So why am I writing a story with -- count 'em -- six point-of-view characters?

It is a novella. Even so, six seems excessive. But I genuinely can't figure out any other way to tell this story. Especially since at the end.... But I'm not going either to give away the ending or to rely on it as an excuse. Six POVs is too many. But I'm doing it, can't figure out any other way to do it, and just have to hope to hell it works. I won't know until I finish and ASIMOV'S either accepts or rejects it.

Sheila Williams just rejected a possible novelization of my December '08 Tor novel, STEAL ACROSS THE SKY. However, her reason was that there just isn't time to get it into print, broken into four sections, before the book itself appears. This is reasonable, since magazines have a lead time of several months and I waited to long to submit it to her, having been not paying sufficient attention. Mea culpa. Still, it was cheering to hear that she liked the novel. We take what we can get.

Sunday, January 27, 2008


I am cleaning my basement, a long and dirty and puzzling job -- keep the old propane camp stove even though I have never once gone camping, have no propane, and don't know how to use the thing? What about that slightly rickety end table? My kids' solid-maple building blocks? They don't make 'em like that anymore, and you never know...even though my kids are now adults.

The biggest problem, though, is remaindered books. My cellar holds thousands of out-of-print books written by both me and my late husband, Charles Sheffield. I can't think why we bought so many. And I really can't think what to do with them now. I don't want the bother of selling them one-by-one on the Internet, even assuming anybody wanted them, and I don't know of any place that would be interested in, say, fifty copies of the same book -- so now what?

Any ideas out there?

On the other hand, cleaning the basement has yielded a few rewards. Just this morning I discovered the original ms. of BEGGARS IN SPAIN, my oldest son's baby book (complete with a lock of hair), and a ballet book I thought I'd lost forever and which is now out of print. Definitely worth every single aching muscle from shoving around furniture and books.

Friday, January 25, 2008

Nebula Nominees

I've finished reading the short stories on the preliminary Nebula ballot -- not a long task, since there are only seven of them. My favorite is still Andy Duncan's "Unique Chicken Goes In Reverse." Like all Duncan stories, it's difficult to say briefly what it's "about." Maybe it's about what miracles mean, what grace means, and why extremes are needed to bring about both. Or not. The story has layers and allusions and wonderful metaphors, like this one about a church secretary:

Wreathed in cigarette smoke, Miss Ingrid fielded dozens of telephone calls in an eight-hour day, none of which were for her, and while she always managed to correctly record addresses and phone numbers on her nicotine-colored note paper, the rest of the message always emerged from her smudged No. 1 pencils as four or five words that seemed relevant at the time but had no apparent grammatical connection, so that reading a string of Miss Ingrid's messages back to back gave one a deepening sense of alarm and mystery, like intercepted signal fragments from a trawler during a hurricane.

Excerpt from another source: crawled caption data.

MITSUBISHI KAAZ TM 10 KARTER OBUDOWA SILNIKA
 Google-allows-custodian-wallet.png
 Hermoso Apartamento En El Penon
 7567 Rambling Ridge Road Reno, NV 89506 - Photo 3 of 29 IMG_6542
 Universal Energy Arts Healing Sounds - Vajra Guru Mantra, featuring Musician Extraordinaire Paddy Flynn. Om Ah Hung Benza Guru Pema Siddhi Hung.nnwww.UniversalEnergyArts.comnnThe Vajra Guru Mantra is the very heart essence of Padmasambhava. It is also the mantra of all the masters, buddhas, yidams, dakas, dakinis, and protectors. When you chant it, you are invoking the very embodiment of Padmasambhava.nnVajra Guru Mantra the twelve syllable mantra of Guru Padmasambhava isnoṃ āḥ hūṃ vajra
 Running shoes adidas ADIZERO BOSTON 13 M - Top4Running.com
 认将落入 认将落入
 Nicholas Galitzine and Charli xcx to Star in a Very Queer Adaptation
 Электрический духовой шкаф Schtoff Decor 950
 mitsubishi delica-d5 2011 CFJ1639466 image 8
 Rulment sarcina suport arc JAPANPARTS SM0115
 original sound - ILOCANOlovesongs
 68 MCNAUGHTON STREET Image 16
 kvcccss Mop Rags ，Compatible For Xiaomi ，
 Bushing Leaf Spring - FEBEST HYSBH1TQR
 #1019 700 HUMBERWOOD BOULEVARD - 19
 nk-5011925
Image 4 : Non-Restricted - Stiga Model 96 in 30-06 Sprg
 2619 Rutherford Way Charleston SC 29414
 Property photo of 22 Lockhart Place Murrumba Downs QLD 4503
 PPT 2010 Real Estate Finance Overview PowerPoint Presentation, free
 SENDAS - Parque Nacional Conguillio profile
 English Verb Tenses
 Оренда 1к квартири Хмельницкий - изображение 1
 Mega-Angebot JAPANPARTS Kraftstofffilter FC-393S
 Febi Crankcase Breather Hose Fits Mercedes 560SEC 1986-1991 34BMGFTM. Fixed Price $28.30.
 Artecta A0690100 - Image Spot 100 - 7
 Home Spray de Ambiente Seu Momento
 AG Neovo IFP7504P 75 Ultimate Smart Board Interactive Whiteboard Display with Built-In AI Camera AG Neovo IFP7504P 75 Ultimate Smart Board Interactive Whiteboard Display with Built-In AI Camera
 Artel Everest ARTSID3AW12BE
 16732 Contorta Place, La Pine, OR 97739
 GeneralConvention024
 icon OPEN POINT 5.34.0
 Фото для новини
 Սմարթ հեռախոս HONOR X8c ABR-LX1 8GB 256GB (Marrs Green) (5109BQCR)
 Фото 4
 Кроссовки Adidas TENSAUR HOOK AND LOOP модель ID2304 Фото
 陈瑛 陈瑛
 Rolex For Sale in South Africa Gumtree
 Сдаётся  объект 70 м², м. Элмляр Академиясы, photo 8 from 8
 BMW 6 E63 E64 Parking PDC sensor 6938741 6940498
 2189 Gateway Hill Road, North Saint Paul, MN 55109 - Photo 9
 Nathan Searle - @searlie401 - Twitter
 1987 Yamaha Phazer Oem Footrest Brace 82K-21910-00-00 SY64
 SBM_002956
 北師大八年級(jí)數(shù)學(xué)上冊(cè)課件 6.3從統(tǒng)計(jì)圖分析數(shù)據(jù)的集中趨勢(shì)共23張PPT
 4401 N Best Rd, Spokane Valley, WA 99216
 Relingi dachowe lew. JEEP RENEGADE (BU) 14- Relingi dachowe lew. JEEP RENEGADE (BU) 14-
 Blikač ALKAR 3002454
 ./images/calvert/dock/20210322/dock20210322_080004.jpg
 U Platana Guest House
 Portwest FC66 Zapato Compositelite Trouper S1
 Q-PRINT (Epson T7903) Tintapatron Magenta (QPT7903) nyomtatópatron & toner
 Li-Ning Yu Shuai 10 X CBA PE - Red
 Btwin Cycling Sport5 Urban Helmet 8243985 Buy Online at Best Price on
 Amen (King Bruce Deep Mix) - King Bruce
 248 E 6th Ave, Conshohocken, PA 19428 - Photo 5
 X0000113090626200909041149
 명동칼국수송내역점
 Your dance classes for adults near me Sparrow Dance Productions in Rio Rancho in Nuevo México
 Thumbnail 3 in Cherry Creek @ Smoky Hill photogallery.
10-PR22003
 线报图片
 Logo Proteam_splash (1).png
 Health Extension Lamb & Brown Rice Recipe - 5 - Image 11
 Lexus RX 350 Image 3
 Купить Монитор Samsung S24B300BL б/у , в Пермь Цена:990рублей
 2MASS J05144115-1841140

This sentence, Jamesian in its 99-word-long complexity, made me laugh out loud.

I also liked Jennifer Pelland's "Captive Girl," perhaps the most horrifying story I've read in a very long time. It's not what the aliens do to humanity in this story that's so horrifying; it's what we do to each other in the name of love.

Finally, I enjoyed David Levine's "Titanium Mike Saves the Day," a neat story about the importance of stories.

It's worth noticing that of the seven short stories, only two appeared in the "big three" digest magazines, and that two are from an on-line magazine, HELIX, that I hadn't even heard of before. The publishing times, they are a-changin'.

On to the novelette category.

Wednesday, January 23, 2008

University of Leipzig

I'm pleased to have been offered, and accepted, the Picador Guest Professorship at the University of Leipzig. From mid-October to mid-January, I'll be teaching at the university's Institute of American Studies. Two courses: SF and Creative Writing. They haven't yet had an SF writer in this position, so it should be very interesting. I'm excited.

In order to do this, I needed to find someone to watch my dog for 12 weeks (Thanks, Marty!) My life's activities now depend on a spoiled toy poodle with a penchant for McDonald's. I will also need to learn some German, since at the moment I can say "Thank you," "Check, please," and "Where is the toilet?" Useful phrases, all, but hardly comprehensive. Anybody out there know of a good German-language CD-plus-book?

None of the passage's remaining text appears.